Circadian Rhythm Sleep Disorder: Advanced Sleep Phase Type

Advanced sleep phase disorder is nearly the opposite of DSPD; the primary complaints in ASPD are difficulty remaining awake until the desired evening bedtime and early morning awakening. Sleep is of reasonable duration and quality when initiated at this earlier hour. As with DSPD, the diagnosis of ASPD requires at least 1 week of a daily sleep diary with or without accompanying wrist actigraphic monitoring that verifies the earlier or advanced timing of sleep. The suspected pathophysiology of ASPD is that for reasons unknown, the patient’s circadian phase has shifted too early relative to the desired sleep-wake schedule, and thus the circadian promotion of wakefulness ceases too far in advance of the desired bedtime, resulting in the advanced timing of sleep onset. Further, the circadian sleep maintenance zone ends too early to sustain the nocturnal sleep episode until the desired wake time, leading to the early morning awakening. There may also be contributions of changes in how the circadian system engages in sleep regulation; it is noted that even healthy older adults are more likely to describe themselves as “morning larks” are less “phase tolerant” of sleeping in late (they awaken at an earlier circadian phase and hence an earlier clock hour). Treatment options for ASPD include hypnotics to extend sleep duration, afternoon or evening bright light exposure to cause a circadian phase delay, and chronotherapy. Given the observation that ASPD is not a disorder typically found in young children or adolescents and hence is not relevant to the theme of this book, readers are encouraged to consult any of a number of excellent reviews for further information.

Clinical Challenges

The reader is encouraged to think about the circadian rhythm sleep disorders as having been well-specified in terms of clinical presentation, but highly variable in terms of degree of certainty of pathophysiology (eg, DSPS and ASPD). Thus, objective and subjective measures should be used to make the diagnosis and/or measure response to treatment, as well as the efficacy and effectiveness of treatments.

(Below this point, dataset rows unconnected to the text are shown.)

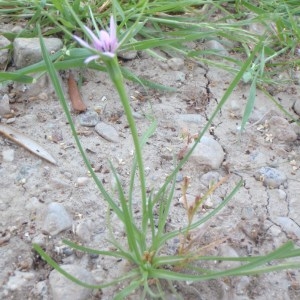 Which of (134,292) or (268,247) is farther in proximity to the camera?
(268,247)

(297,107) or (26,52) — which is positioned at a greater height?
(26,52)

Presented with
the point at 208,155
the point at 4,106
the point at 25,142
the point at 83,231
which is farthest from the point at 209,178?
the point at 4,106

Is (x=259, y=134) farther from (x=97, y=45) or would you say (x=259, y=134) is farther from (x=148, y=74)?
(x=97, y=45)

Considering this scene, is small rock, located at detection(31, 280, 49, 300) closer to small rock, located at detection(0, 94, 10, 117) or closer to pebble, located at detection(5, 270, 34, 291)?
pebble, located at detection(5, 270, 34, 291)

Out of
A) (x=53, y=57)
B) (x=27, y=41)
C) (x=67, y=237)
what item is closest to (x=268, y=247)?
(x=67, y=237)

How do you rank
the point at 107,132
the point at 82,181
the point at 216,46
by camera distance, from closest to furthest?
1. the point at 82,181
2. the point at 107,132
3. the point at 216,46

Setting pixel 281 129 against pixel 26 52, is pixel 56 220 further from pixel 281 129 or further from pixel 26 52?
pixel 281 129

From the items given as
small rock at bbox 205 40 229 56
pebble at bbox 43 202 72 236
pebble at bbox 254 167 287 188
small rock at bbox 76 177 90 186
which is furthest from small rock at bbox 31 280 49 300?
small rock at bbox 205 40 229 56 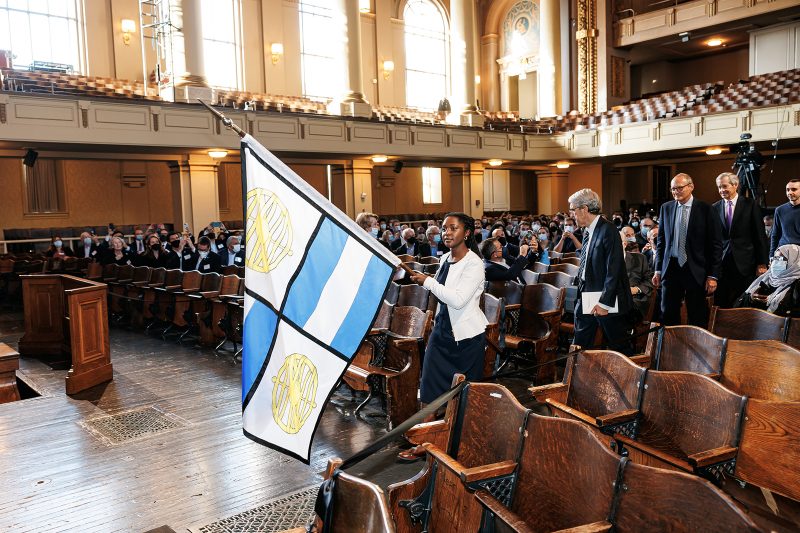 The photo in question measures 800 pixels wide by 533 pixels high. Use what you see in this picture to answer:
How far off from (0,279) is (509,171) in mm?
18837

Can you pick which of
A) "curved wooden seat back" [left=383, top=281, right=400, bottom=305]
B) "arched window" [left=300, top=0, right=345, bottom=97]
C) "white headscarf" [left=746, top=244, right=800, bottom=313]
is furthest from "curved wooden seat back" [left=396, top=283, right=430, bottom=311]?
"arched window" [left=300, top=0, right=345, bottom=97]

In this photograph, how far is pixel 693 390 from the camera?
2570mm

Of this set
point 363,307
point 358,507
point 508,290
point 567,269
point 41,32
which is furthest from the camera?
point 41,32

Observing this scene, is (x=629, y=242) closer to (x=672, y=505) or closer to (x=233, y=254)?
(x=672, y=505)

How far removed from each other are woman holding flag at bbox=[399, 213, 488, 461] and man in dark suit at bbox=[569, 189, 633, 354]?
3.07 feet

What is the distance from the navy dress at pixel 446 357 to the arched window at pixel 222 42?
1914 cm

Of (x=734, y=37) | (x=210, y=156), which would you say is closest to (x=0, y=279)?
(x=210, y=156)

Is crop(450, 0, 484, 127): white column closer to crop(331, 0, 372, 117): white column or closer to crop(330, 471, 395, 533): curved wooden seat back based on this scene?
crop(331, 0, 372, 117): white column

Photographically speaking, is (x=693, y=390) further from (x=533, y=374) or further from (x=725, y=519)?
(x=533, y=374)

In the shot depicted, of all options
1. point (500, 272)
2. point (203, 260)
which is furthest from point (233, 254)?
point (500, 272)

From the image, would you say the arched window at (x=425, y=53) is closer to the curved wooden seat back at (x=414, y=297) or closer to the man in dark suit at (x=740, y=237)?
the curved wooden seat back at (x=414, y=297)

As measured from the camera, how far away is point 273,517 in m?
3.24

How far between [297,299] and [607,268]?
2296mm

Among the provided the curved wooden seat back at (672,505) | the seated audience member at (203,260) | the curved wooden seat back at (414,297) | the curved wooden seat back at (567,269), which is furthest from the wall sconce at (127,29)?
the curved wooden seat back at (672,505) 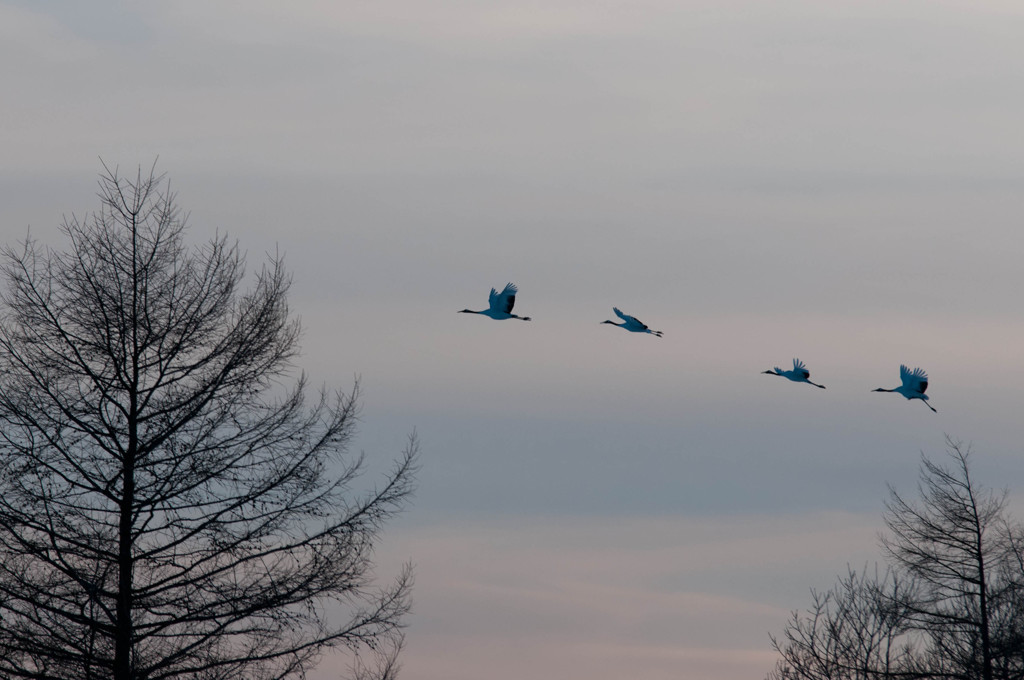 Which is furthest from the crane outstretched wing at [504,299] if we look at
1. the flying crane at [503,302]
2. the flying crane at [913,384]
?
the flying crane at [913,384]

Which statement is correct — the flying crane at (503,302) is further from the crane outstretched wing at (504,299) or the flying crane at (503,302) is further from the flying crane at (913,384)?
the flying crane at (913,384)

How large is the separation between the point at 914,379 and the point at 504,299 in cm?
690

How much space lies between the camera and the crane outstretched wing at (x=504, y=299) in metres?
19.3

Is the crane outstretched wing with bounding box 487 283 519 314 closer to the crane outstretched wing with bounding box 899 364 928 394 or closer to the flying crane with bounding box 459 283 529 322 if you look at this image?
the flying crane with bounding box 459 283 529 322

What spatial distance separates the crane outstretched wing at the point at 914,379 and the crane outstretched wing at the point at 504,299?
6.63 m

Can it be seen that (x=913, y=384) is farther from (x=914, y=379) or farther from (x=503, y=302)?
(x=503, y=302)

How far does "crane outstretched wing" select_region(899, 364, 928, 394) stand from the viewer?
21.3m

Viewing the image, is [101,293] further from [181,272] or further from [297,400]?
[297,400]

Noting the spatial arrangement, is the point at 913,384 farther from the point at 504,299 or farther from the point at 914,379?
the point at 504,299

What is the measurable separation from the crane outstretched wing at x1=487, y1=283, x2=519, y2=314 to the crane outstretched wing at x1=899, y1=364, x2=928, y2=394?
6633mm

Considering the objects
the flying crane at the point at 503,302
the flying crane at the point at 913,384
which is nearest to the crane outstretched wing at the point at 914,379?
the flying crane at the point at 913,384

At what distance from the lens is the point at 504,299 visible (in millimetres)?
19422

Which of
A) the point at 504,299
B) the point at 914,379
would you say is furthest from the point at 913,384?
the point at 504,299

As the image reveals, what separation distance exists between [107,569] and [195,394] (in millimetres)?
1934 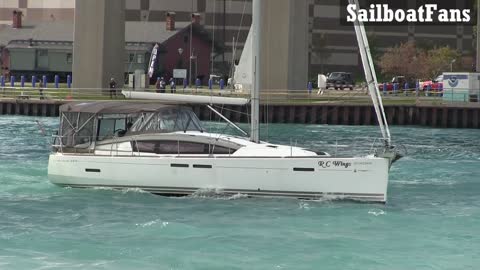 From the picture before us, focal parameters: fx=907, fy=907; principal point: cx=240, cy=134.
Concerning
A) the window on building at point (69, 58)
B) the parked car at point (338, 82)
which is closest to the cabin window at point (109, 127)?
the parked car at point (338, 82)

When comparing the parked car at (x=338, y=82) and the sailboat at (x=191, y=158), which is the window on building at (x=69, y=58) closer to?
the parked car at (x=338, y=82)

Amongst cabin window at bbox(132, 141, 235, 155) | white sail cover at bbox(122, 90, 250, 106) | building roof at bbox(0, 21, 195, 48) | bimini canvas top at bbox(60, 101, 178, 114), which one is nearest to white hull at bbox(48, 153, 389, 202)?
cabin window at bbox(132, 141, 235, 155)

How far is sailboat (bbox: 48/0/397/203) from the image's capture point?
2614 cm

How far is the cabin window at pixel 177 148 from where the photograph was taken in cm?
2708

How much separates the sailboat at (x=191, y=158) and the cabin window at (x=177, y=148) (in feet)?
0.10

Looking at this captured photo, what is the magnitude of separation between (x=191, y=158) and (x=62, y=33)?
90.2 m

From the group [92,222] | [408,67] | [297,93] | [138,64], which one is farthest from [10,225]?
[408,67]

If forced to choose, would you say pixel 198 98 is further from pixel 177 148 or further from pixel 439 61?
pixel 439 61

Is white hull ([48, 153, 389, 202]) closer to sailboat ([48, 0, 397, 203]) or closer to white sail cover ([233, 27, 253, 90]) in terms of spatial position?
sailboat ([48, 0, 397, 203])

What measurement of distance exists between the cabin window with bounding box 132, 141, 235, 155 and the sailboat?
3 cm

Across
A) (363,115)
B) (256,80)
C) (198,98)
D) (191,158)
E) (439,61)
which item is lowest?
(191,158)

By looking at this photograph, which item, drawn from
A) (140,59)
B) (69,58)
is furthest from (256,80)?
(69,58)

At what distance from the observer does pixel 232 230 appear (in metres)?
23.4

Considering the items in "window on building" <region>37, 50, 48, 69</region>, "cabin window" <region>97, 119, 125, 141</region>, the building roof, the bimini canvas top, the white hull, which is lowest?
the white hull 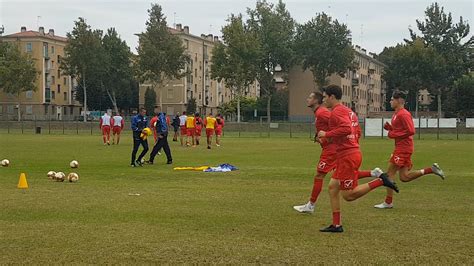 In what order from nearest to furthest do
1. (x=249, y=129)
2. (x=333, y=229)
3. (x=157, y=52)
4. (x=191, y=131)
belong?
(x=333, y=229) < (x=191, y=131) < (x=249, y=129) < (x=157, y=52)

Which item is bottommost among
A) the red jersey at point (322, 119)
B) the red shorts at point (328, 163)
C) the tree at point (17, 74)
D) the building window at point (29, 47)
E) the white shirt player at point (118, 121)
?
the red shorts at point (328, 163)

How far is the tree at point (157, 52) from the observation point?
3231 inches

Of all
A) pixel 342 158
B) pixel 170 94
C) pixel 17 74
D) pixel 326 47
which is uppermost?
pixel 326 47

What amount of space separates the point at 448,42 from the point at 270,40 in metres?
25.1

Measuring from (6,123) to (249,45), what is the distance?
32.4m

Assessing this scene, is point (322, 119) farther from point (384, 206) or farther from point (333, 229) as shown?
point (333, 229)

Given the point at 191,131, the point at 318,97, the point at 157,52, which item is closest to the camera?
the point at 318,97

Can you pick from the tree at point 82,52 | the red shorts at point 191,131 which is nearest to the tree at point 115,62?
the tree at point 82,52

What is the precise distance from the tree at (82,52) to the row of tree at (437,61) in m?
41.9

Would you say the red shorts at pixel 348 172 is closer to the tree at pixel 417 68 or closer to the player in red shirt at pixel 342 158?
the player in red shirt at pixel 342 158

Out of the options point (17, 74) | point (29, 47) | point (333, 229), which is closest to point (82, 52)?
point (17, 74)

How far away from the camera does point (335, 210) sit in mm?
8852

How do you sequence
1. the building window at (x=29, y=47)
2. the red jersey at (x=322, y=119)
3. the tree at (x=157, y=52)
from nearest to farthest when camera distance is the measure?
the red jersey at (x=322, y=119), the tree at (x=157, y=52), the building window at (x=29, y=47)

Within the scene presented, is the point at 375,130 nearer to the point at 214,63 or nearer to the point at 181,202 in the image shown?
the point at 214,63
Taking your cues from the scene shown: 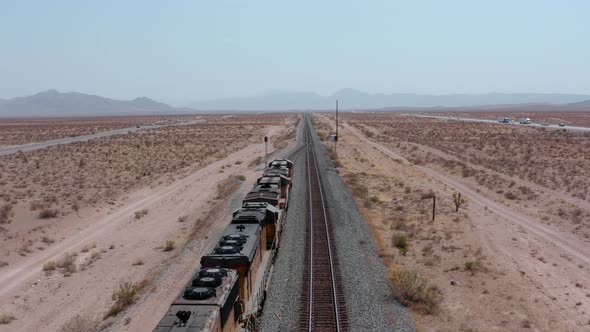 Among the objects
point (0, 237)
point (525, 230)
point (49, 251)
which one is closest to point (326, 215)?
point (525, 230)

A particular problem in pediatrics and pediatric sleep medicine is that although commonly prescribed, there is a lack of data in children for efficacy and safety for most hypnotic and wake-promoting medications. Another challenge is appreciating that in certain clinical populations, such as in severe neurodevelopmental disorders, there may be diffuse sleep complaints from the patient and/or by proxy from the parents that do not fit neatly within a single ICSD-2 insomnia or circadian rhythm sleep disorder diagnosis, but nonetheless may be responsive to single or multicomponent treatment approaches.